A specific example of the hydride-based solid electrolyte is a complex hydride of lithium boron hydride. Examples of the complex hydride include LiBH4—LiI-based complex hydrides, LiBH4—LiNH2-based complex hydrides, LiBH4—P2S5, and LiBH4—P2I4.
These solid electrolytes may be used singly or may be used in combination of two or more of them if necessary.
(5-4) Electroconductive Auxiliary Agent
An electroconductive auxiliary agent contained in the active material layer according to the present invention contains the resin-attached fiber according to the present invention. In addition to the resin-attached fiber, a carbon-based electroconductive auxiliary agent may be contained.
The content of the resin-attached fiber in the active material layer is 0.1% by mass or more and less than 5% by mass. The lower limit of the content of the resin-attached fiber is preferably 0.5% by mass or more, more preferably 1.0% by mass or more, even more preferably 1.2% by mass or more, particularly preferably 1.5% by mass or more. The upper limit of the content of the resin-attached fiber is preferably 4.5% by mass or less, more preferably 4.0% by mass or less, even more preferably 3.5% by mass or less, even more preferably 3.0% by mass or less, particularly preferably 2.5% by mass or less. When the content of the resin-attached fiber is within the above range, balance between electron conductivity and lithium ion conductivity is excellent, a rate characteristic value is high, and a reaction resistance value may be reduced. Further, the amount of the resin-attached fiber in the active material layer is small, and therefore the amount of the active material may be increased.

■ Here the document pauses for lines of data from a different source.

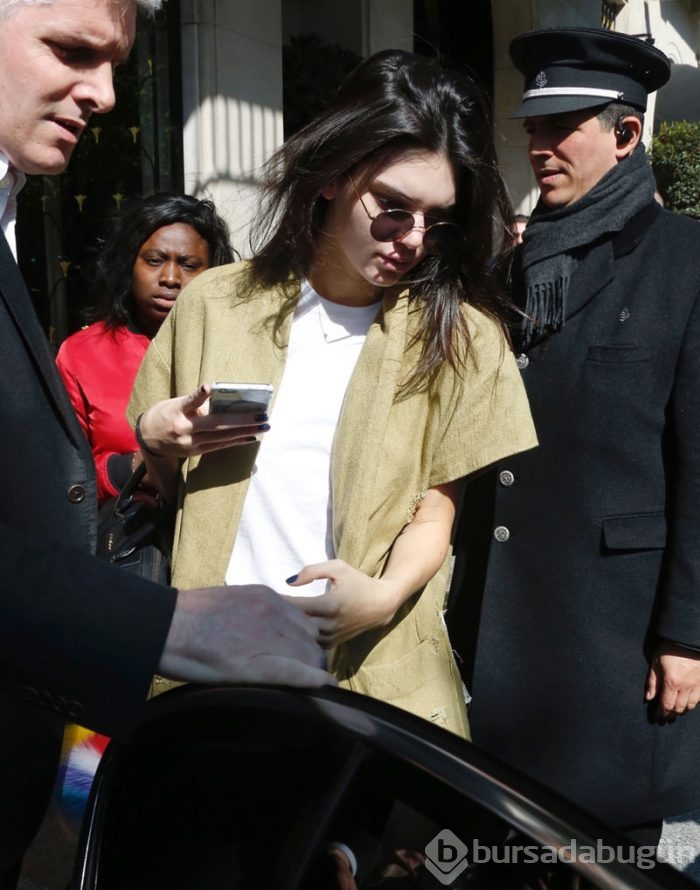 Güzel model Chanel'den vazgeçmiyor!	
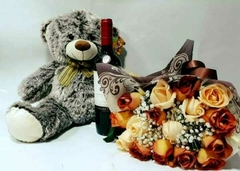 Ursinho + vinho + Buquê de rosas amarelas alaranjadas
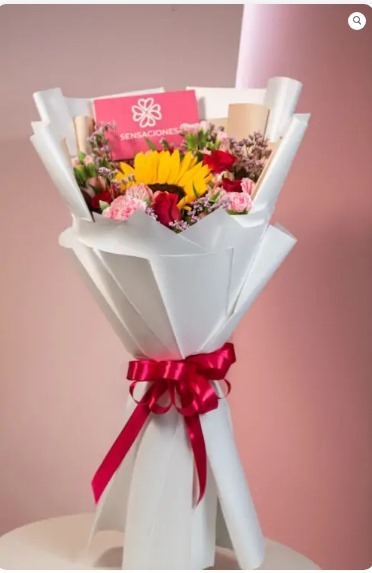 Ramo de Rosas con Girasol agrandado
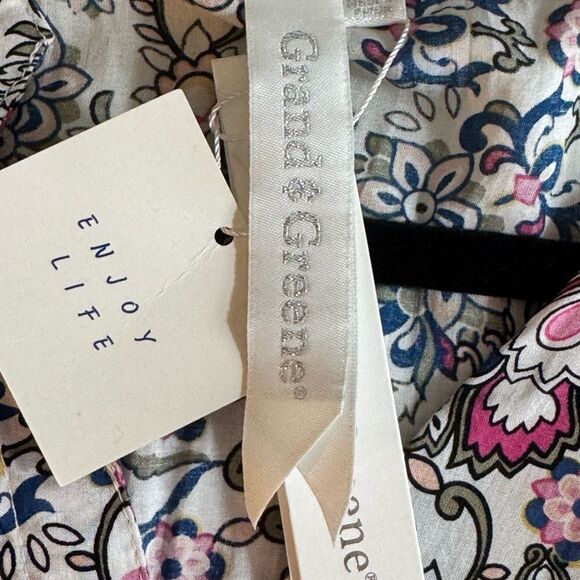 Grand and Greene Top womens Sz XL Blouse button up floral asymmetrical Boho New - Picture 13 of 13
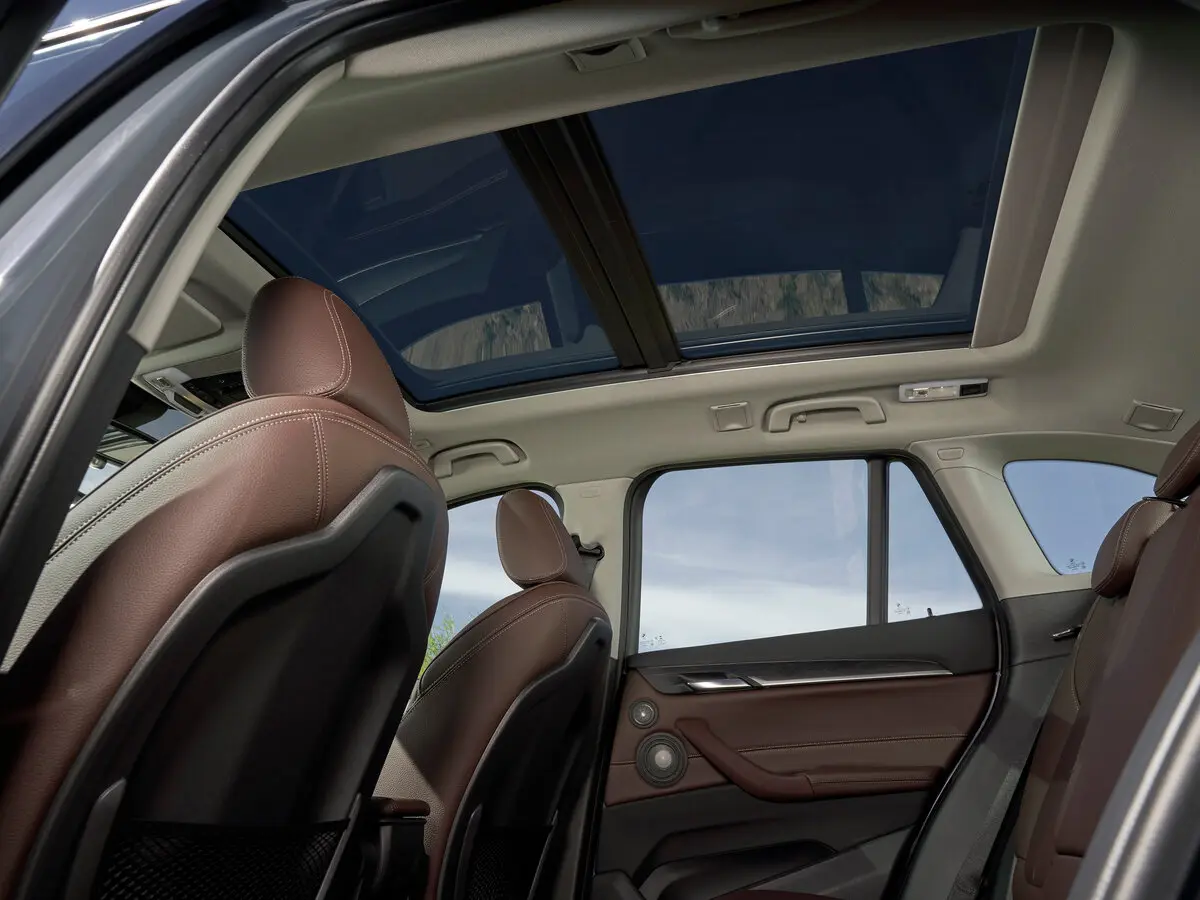 BMW X1 II (F48) Рестайлинг Внедорожник 5 дв. — сүрөт 18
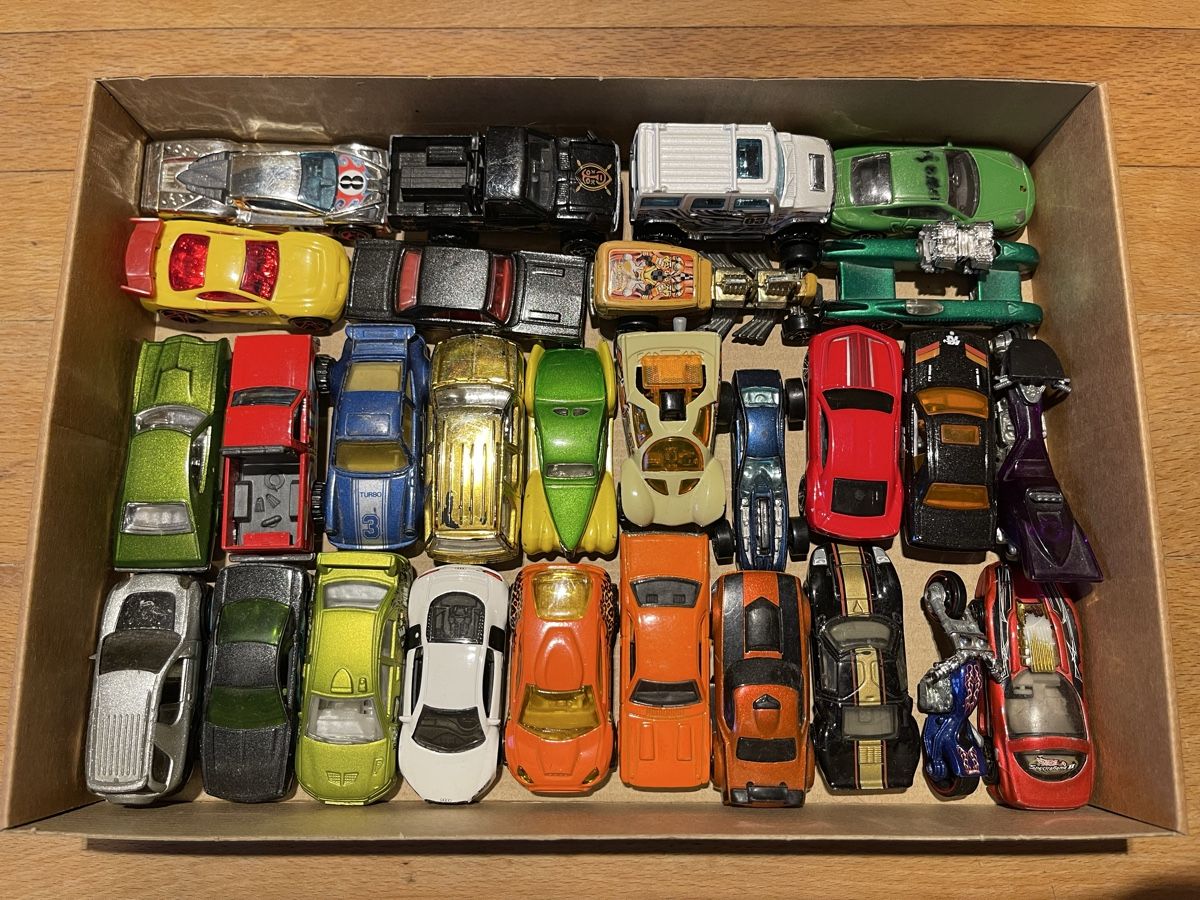 Hot Wheels Modellautos: Hot Wheels Spielzeugautos – Gebraucht aus Zürich von Komarik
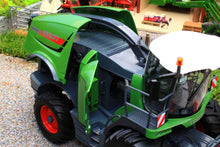 Load image into Gallery viewer, W7813 WIKING FENDT KATANA 85 FORAGE HARVESTER WITH TWO HEADERS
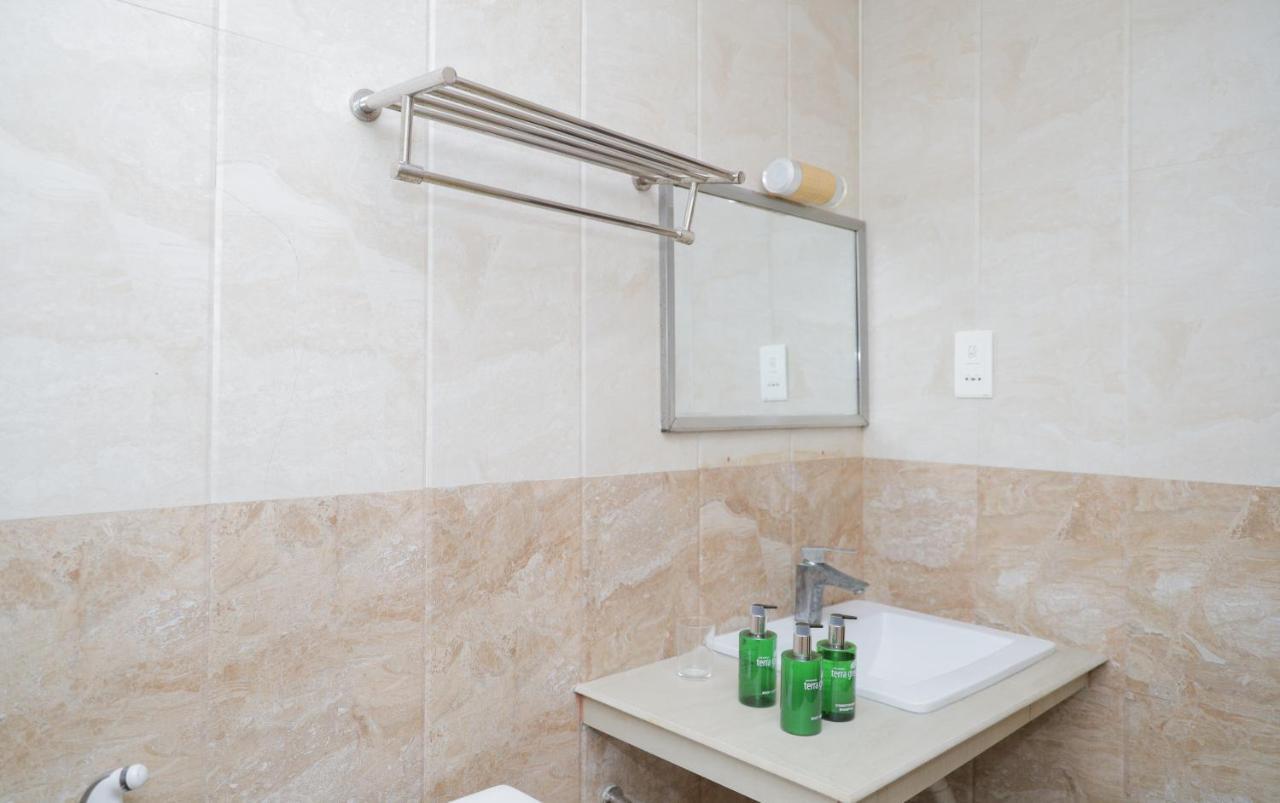 Orimas Retreat Hotel Thulusdhoo Ngoại thất bức ảnh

(5-5) Binding Agent (Binder)
The active material layer according to the present invention may contain a binding agent in order to further enhance the strength of the active material layer. The binding agent is not limited, and may be the thermoplastic resin constituting the resin-attached fiber according to the present invention.
The content of the binding agent in the active material layer is preferably 5% by mass or less, more preferably in the range of 1 to 3% by mass.
(5-6) Method for Producing Active Material Layer for All-Solid-State Lithium Secondary Batteries
The active material layer according to the present invention may be produced, for example, in the following manner. A slurry is prepared by mixing the above-described active material, solid electrolyte, resin-attached fiber, and a solvent. The slurry is allowed to adhere to a current collector by, for example, coating, the solvent is then removed by drying, and press molding is optionally performed by a press. Alternatively, the active material layer may be produced by mixing powders of the above-described active material, solid electrolyte, and resin-attached fiber and then subjecting the mixture to press molding using a press.
(6) Electrode
An electrode for non-aqueous electrolyte secondary batteries according to the present invention contains the above-described active material layer.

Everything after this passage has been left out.